Le bout de la langue

1994 - Installation (Installation)

Dominique Petitgand


A woman pronounces parts of sentences. Via rigorous editing, the artist creates anticipation with the silences, rhythm by the repetitions, temporal ellipses with music. The recording is diffused by a loud speaker placed on a plinth which gives the whole an anthropomorphic status which reminds one of Box with the sound of its own making by Robert Morris. “For me this is an emblematic piece of work. In fact Le bout de la langue could be the generic title of a large part of my work. Seemingly […] everything is obvious: the mental process along the way, speech is captured by disfunctional memory”. (« Notes, voix, entretiens », page 97). This metalinguistic artwork questions language in its relation to memory (blanks or losses) via fixed expressions: “Don’t you see, I can’t remember […] I have it on the tip of my tongue and it annoys me, […] Don’t you see what I mean”. The density of the silences emphasizes the failing memory, the voice can only be quiet. Petitgand’s characters spend their time trying to make an inventory, to classify, to order. Somewhere between a soliloquy and a monologue, the spoken sequences reintroduce a certain communication with the spectator who can become emotionally involved or have their imagination stimulated.

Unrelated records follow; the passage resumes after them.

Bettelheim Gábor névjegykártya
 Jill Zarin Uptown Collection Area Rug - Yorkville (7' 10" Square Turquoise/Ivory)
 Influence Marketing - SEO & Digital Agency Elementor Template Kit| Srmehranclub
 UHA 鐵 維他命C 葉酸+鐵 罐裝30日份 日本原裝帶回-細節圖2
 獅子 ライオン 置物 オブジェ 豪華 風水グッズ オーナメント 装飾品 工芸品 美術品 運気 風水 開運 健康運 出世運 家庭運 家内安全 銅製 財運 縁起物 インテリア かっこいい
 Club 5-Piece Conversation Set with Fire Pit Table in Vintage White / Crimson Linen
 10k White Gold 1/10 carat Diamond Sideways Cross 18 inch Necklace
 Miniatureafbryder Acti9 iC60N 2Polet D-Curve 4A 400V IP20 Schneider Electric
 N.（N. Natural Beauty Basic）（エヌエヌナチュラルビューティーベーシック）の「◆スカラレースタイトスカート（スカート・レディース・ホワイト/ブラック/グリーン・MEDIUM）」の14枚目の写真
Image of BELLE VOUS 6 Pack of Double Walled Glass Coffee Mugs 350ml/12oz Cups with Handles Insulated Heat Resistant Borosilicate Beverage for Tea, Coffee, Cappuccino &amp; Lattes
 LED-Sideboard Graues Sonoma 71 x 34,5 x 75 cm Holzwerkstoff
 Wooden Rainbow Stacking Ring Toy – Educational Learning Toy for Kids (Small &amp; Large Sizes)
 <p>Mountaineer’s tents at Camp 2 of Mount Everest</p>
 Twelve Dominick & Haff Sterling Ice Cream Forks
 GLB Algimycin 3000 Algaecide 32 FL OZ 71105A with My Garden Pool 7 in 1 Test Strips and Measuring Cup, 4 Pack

Dominique Petitgand makes sound pieces. “I can’t make audible the world in its entirety. Only what is in motion, in action, animated, agitated or touched. To capture the presence of a tree, I need wind or an announcement saying ‘tree’ (always in an indirect mode)”, as the artist explained (in his book The missing pieces).version anglaise p.21 Snippets of recorded conversations are assembled and edited with blanks in the dialogues, background sounds (surround sound, bodily sounds) and music. In some more abstract works like Exhalaisons (Exhalations), the human being becomes a fragment reduced to the noise of a mouth or to breathing – a presence remains. The artist uses different modes of listening depending on the exhibition context, from domestic distribution (records, books) to public diffusion (concerts, installations). In terms of propagation in space, sound has no limits whereas images can only exist within its own limits (the frame). Petitgand’s artworks embrace any architectural constraints for optimum deployment in space. Petitgand’s sound pieces are constructions of sensations and affects that produce alterations on the spectator who is immersed in an environment via different emission sources and echos; there is no escaping the sound. Dominique Petitgand was born in 1965 in Laxou, France. He lives and works in Paris.